Private sector says milled rice exports could increase dramatically in 2009, despite goverment ruling that stockpiles grow to 500,000 tonnes
Photo by: Tracey Shelton
A rice vendor in Phnom Penh. Cambodia’s private rice exporters expect strong growth for 2009.
CAMBODIA may see a 10-fold increase in private-sector milled rice exports this year - up to 200,000 tonnes from 20,000 in 2008 - with the industry citing greater milling capacity and and new export markets for the dramatic increase.
The Federation of Cambodian Rice Miller Associations (FCRMA), which is responsible for all private rice exports, told the Post that the increase would come despite higher government stock requirements.

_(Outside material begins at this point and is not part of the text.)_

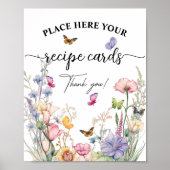 Recept Kaarten Wildflower Vlinders Vrijgezellenfee Poster (Voorkant)
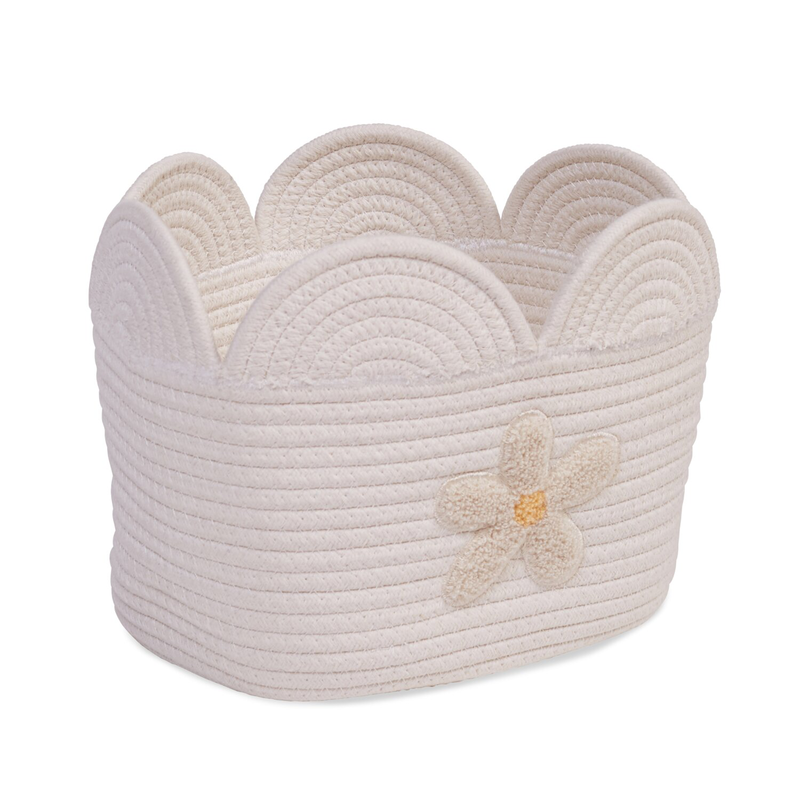 Basket 30x20x15cm Flower off white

The private sector is required to maintain minimum stocks of 500,000 tonnes in 2009, up from 400,000 last year.
About 300,000 tonnes have already been collected from the latest harvest, with the remainder to be purchased soon, said Phou Puy, FCRMA president.
To offset the effects of the stockpiling rule, the industry was offered US$12 million in low-interest loans with a further $3 million from the Rural Development Bank, he said.
The capital is being used to increase the capacity and quality of milling, by upgrading infrastructure, and to buy paddy from farmers, Phou Puy added.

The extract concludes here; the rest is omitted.